I really wish I were more into books. I really do. some of my favorite people read and read and read. I love their minds-- how they engage narrative. I try to pretend. I watch movies and television shows that were adapted from books. Even enter conversations and know the difference between what's in the text and what's on the screen. I own a lot of books, hoping one day to finally get around to reading them. (my goodness, this feels like confession, especially as I know a particular librarian who is reading this.)

At some point, I got real with myself and I decided that i wouldn't buy another book until I read a collection of short stories by dylan thomas. Why? It's the last book I bought, and I still haven't read even one short story. I love dylan thomas. (and not just because Bob Dylan swiped his name.) I know I like him because my friend Brie read a short story out loud to me once, and I was hooked. So I bought the book. But I think I preferred dylan thomas with Brie reading it out-loud.

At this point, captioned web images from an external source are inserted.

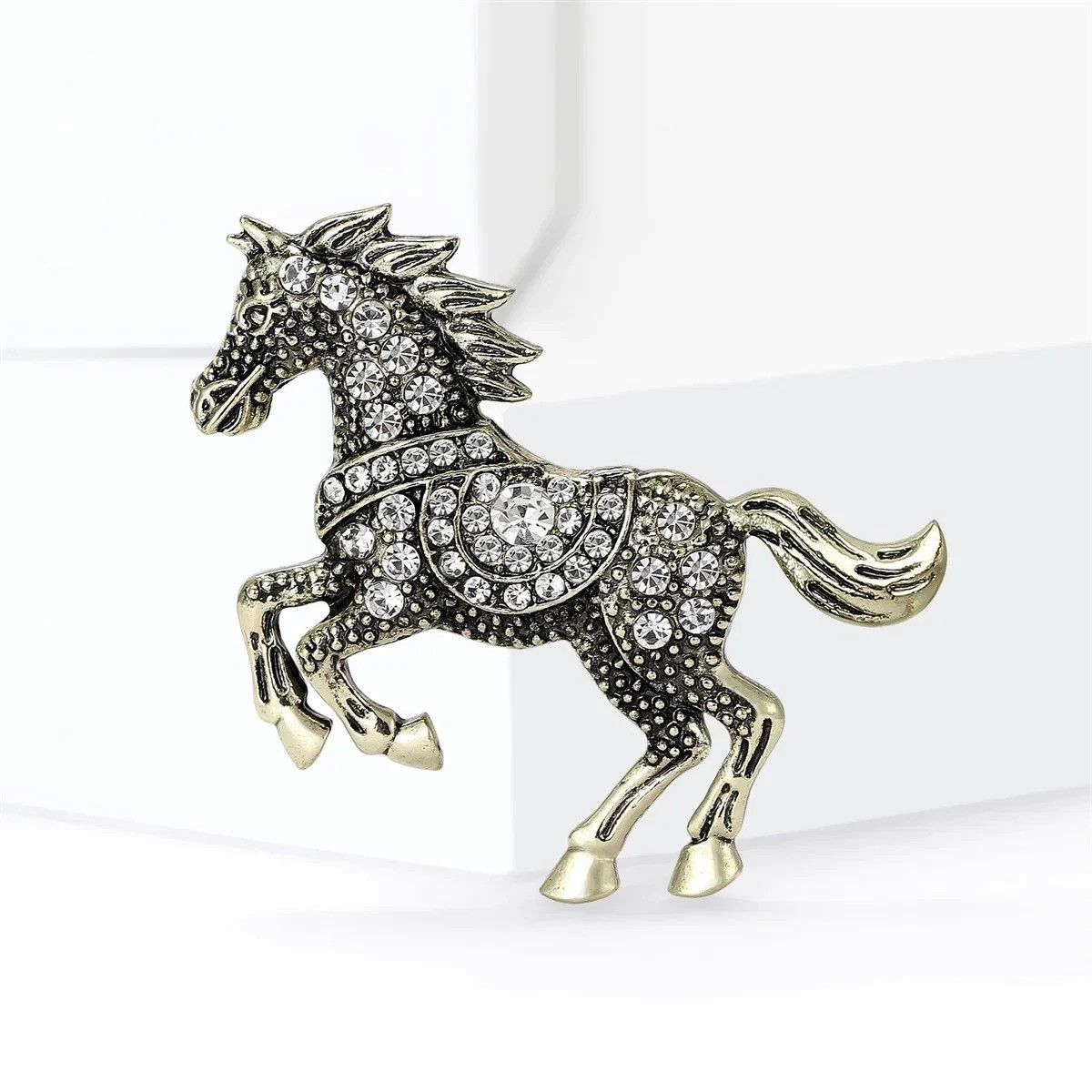 Vintage Red Crystal Horse Brooch Pin Antique Gold Tone Rhinestone Animal Jewelry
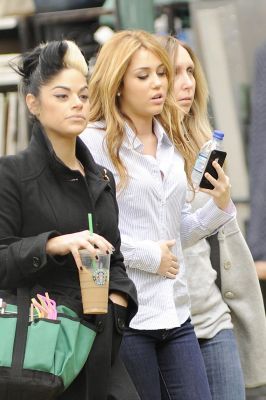 normal_1215-miley-cyrus-so-undercover-04 - Dec 15 Heading Back to the Set in New Orleans-00
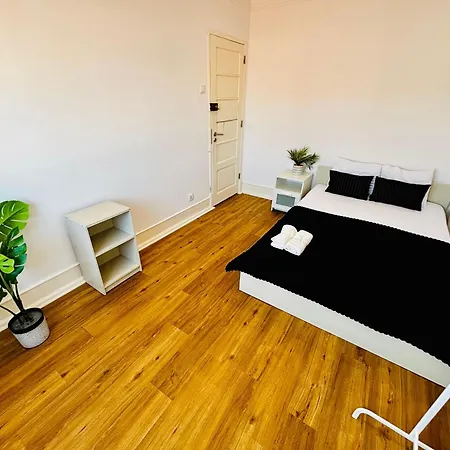 بيت شباب Luxury Location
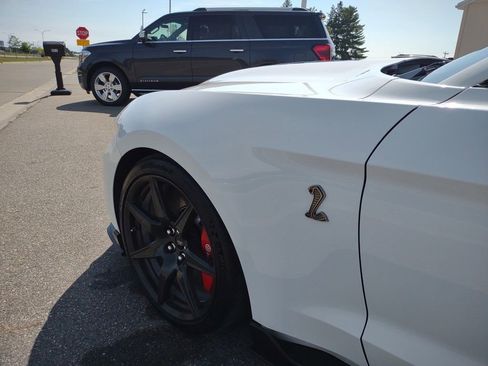 Used 2020 Ford Mustang Shelby GT500 w/ Carbon Fiber Track Pack image 34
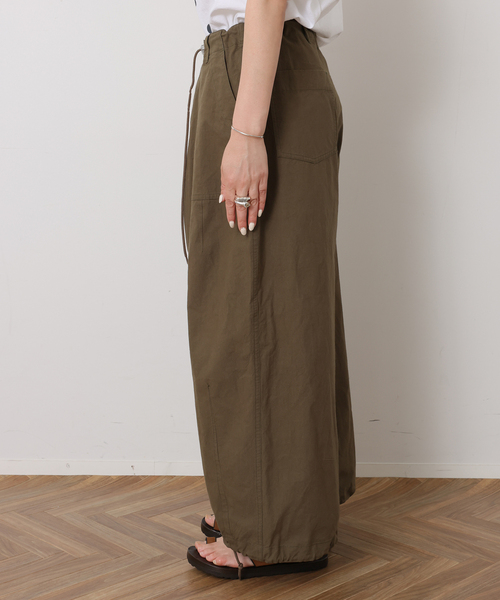 JOURNAL STANDARD LUXE(ジャーナルスタンダード ラックス)の「バフワッシャー ベイカーパンツ(その他パンツ・レディース・カーキ/ホワイト・SMALL/MEDIUM)」の15枚目の写真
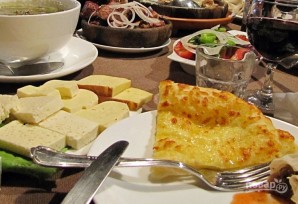 Хачапури с сыром и яйцом - фото шаг 6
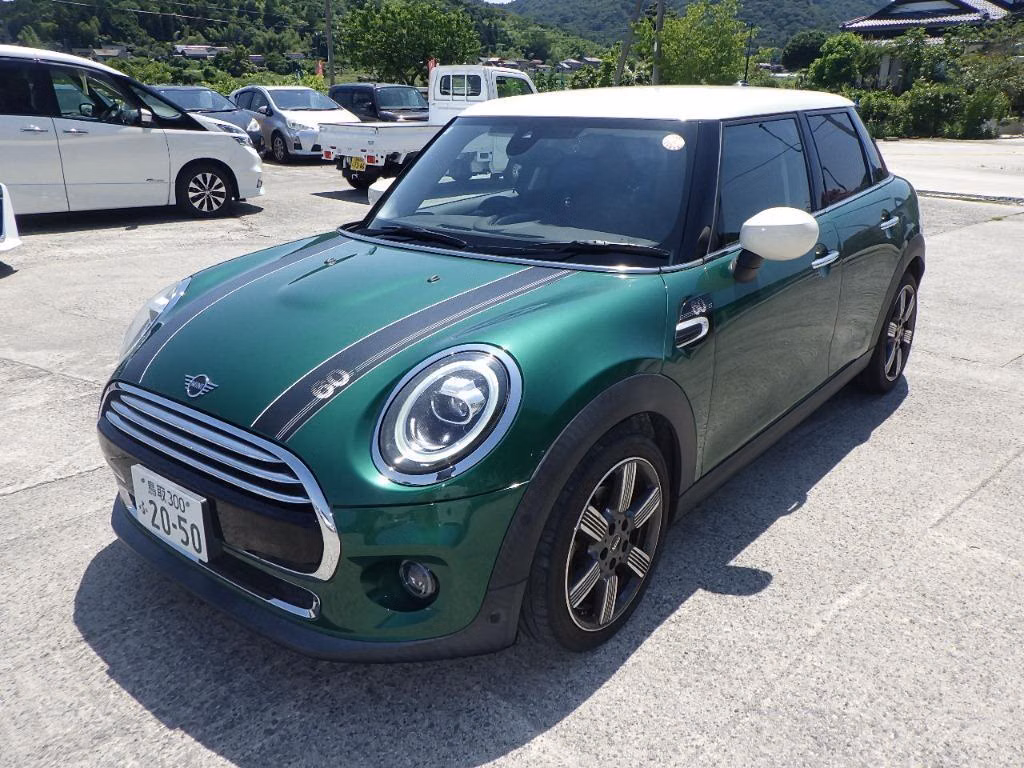 MINI HATCH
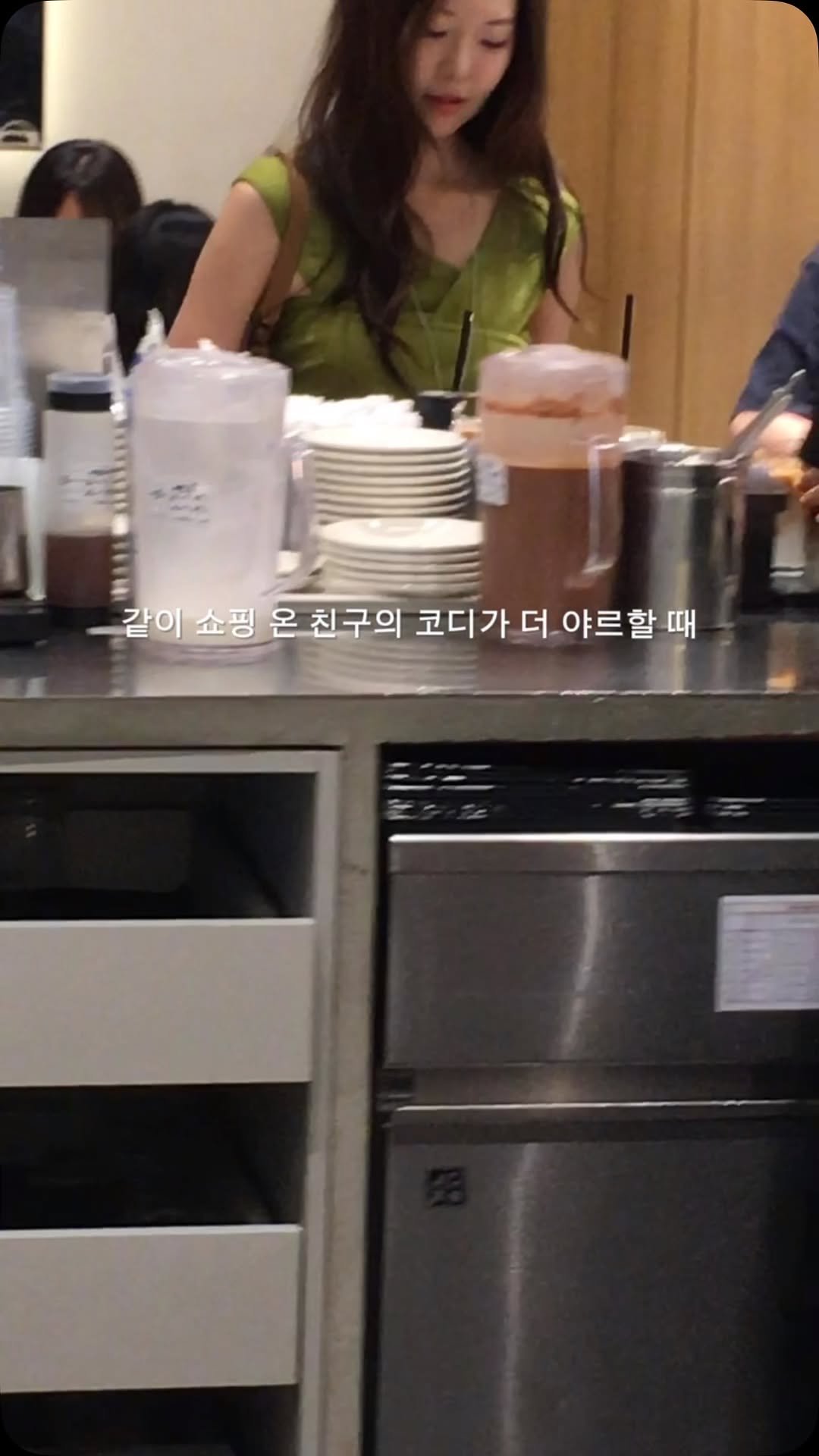 fomingmuse 게시물 이미지: 옷 살랬더니 친구 옷이 더 예뻐,,🙄

댓글에 [정보] 남겨주시면 구매링크 바로...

So I thought I'd have my hand at Harry. "H. P." as many so lovingly refer. It's been my bedside book. Unfortunately, I'll read two pages before I fall asleep. "Ah!" you may say, "read it when you not tired!" But that's the thing. Also next to my bed is my record player, and below it my record collection. The pattern is this: intend to read harry potter, put on a record, read lyrics instead, and write in my music journal. yes, a music journal. a place to write my many pervasive thoughts that accompany my music. after-which, I usually feel about ready to fall asleep, realizing once again I didn't get around to reading HP.

but hey, i've already watched the movie...
(I'm not that big of an idiot)

Monday, July 06, 2009

"b" is more interesting than "a."

i've returned from the cycling tour with my mom.

a. details:
day 1: edmonds to sequim. 55.2 miles.
day 2: sequim to victoria. 32.55 miles.
day 3. victoria to anacortes. 31.55 miles.
day 4. anacortes to coupeville. 33.45 miles.
b. reflections:
i had forgotten what it was like to be pushed beyond what you thought you could accomplish. (that was day one. although that's nothing compared to the 120 miles they rode today in the tour de france. ho-ly!)
i do believe that the southern part of vancouver island is the most beautiful stretch of land i've ever ridden. (and there was a time I would ride the valleys of the austrian alps.)
never underestimate the power of water. and a good night's rest.
i'd like to do this again-- and I think that the destination, Victoria, is a fantastic place to go. Weekend trip anybody? drive to anacortes, ride to victoria? most of it is trail.
unfortunately i fell ill halfway through the trip, but managed to finish and to finish well. that feels good.

Back to real life.

Tuesday, June 30, 2009

THE CYCLISTS' PRAYER

By Fr. Picx
the Cycling Priest

As we bike through the city streets, the highways and mountain trails
Protect us Lord from
spills and crashes
trucks and cars whose drivers do not recognize our right to use the roads
dogs who like to bite our shapely legs
potholes, cracks and sharp objects that flatten our tires
thieves and bikenappers who lust after our bikes
the rains and thunders
and all kind of nasty accidents.
Give us the energy and strength
to wake up in the morning and go for a bike ride
to keep us from bonking
to ride up the hills and mountains
to reach our destination.
Grant us the courage
to descend rapidly down the hills
to ride through the rain
to join and finish races even if we know we will never win.
May we experience the joy and the ecstasy
as we are moved by the beauty of nature
as the sun and the wind caress our face
as we feel one with the bike and the road and forget about the time
as we get in touch with the child within us
as we enjoy each others' company
as we feel we could bike forever.
May we continue biking even as we grow old and up to the day we die.
And may you allow us to continue biking in heaven, forever and ever.
Amen!

(I leave now from my house in Edmonds for Victoria, B.C. See you on July 3rd at the Fireworks in Freeland!)

Friday, June 26, 2009

Mike and Caroline.

I am so happy to have been asked to be the photographer for these dear friends. You might not believe it-- but these were taken in freezing temperatures... YES, there was snow on the ground. there really is nothing like natural light :) I just LOVE the vintage look this wedding had. Isn't Caroline just darling?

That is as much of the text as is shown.